**Problem**. Where a line in the listing below holds the word "freeToilet", count that line; give the total alone.

**Provided data**.

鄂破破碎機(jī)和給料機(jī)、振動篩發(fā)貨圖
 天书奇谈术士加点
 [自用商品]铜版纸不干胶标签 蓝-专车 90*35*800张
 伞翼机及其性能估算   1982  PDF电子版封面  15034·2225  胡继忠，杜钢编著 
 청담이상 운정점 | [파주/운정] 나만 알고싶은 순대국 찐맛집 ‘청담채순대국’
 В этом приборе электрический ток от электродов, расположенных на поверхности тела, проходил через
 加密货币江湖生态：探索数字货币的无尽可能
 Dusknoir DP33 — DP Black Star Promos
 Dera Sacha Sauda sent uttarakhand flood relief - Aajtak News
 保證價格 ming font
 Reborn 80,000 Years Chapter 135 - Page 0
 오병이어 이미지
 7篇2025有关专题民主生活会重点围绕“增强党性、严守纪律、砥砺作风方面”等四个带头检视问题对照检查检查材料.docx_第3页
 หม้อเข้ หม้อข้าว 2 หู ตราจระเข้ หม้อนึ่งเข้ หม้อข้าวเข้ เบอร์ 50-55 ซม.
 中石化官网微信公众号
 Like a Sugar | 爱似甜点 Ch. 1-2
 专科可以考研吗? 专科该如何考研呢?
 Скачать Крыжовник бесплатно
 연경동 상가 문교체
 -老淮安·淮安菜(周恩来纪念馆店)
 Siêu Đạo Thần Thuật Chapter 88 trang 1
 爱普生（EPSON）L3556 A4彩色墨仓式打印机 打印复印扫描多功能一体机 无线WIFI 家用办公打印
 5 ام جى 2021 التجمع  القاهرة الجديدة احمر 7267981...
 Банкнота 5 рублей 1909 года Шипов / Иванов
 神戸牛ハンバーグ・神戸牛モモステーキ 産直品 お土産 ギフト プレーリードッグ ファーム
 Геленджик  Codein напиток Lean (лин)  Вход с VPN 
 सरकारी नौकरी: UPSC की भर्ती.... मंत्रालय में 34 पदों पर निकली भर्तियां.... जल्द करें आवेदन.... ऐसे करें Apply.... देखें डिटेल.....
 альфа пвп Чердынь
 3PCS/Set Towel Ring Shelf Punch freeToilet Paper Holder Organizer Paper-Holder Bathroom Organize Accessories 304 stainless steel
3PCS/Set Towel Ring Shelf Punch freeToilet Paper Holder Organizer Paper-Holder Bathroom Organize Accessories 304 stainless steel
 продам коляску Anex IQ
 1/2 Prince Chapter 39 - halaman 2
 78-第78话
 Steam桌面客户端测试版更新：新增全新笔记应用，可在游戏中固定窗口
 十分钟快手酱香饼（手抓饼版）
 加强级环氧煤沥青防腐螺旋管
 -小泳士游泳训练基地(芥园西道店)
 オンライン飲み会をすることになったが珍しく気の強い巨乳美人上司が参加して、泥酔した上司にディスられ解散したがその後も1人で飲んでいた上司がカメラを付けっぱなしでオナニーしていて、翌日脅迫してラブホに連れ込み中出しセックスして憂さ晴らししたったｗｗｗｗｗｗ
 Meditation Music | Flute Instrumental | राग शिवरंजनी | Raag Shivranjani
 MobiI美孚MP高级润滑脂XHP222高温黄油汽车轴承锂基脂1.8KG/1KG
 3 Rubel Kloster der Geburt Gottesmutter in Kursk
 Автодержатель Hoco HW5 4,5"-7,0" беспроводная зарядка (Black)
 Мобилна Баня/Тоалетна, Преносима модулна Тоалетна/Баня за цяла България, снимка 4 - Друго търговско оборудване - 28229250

**Output for this exercise**. 2